On January 14, 2002, the Tennessee General Assembly passed a congressional redistricting plan that Governor Sundquist signed on January 17. Although the Democrats control the Assembly, they chose not to create an overly partisan map, as they need the GOP to pass a contentious budget bill. Not too much changed; however, the 4th District was made more Democratic. By increasing the number of Democrats in the 4th, lawmakers made the surrounding districts more Republican.
Fourth Congressional District: Republican Van Hilleary took the traditionally Democratic 4th in 1994 and has handily won subsequent elections. It appears that the new district will be extremely competitive--Gore won it by 0.6%--especially given Van Hilleary's decision to run for governor in 2002. One name touted as Van Hilleary's potential successor is state Senator Lincoln Davis(D).
Fifth Congressional District:Although several high profile Democratic names were mentioned as contenders for the Senator Fred Thompson's open seat, Bob Clement became the odds-on favorite when he announced his candidacy on March 18, 2002. Clement has represented the Nashville area since 1988. Currently, there are two potential candidates in the bid to replace him, social worker Carlton Cornett (D) and Jonathon Farley (G).

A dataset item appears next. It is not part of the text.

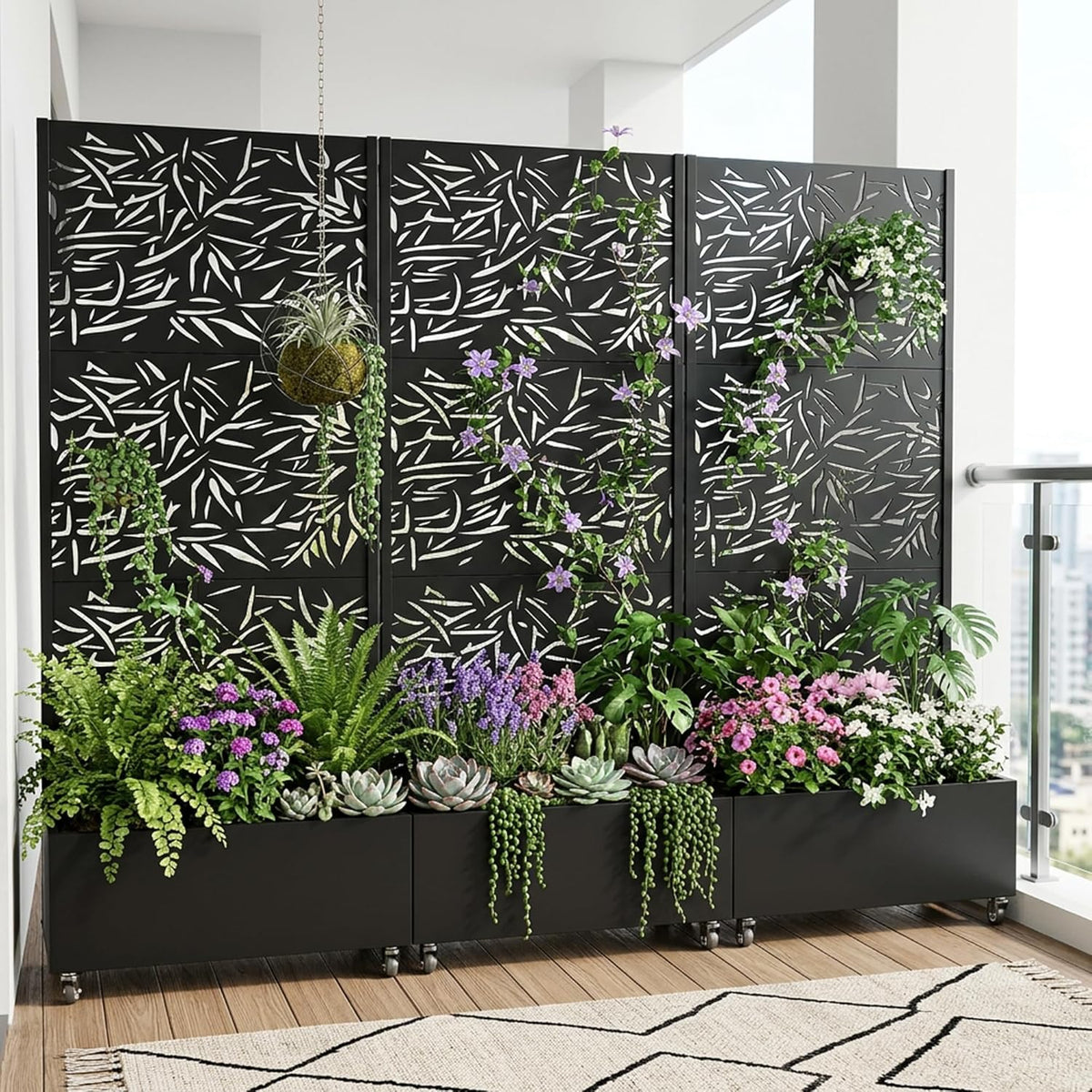 Casaphoria Metal Raised Garden Bed with Trellis and Wheels, 72"x47"x16" Planter Box for Climbing Plants, Vegetables & Vines, Features Drainage Holes and Privacy Screen (Black-Louver) - Colors A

Seventh Congressional District: Senator Fred Thompson's announcement in early March that he would not seek reelection took many by surprise. Representative Ed Bryant (R), however, is ready to take on former Tennessee Governor and Education Secretary Lamar Alexander in the GOP primary. Republican candidates, including state Representative Larry Scroggs and Councilman Brent Taylor, are now scrambling to enter the congressional race. On the Democratic side, 2000 contender Bob Hatton already announced that his candidacy before Bryant's departure.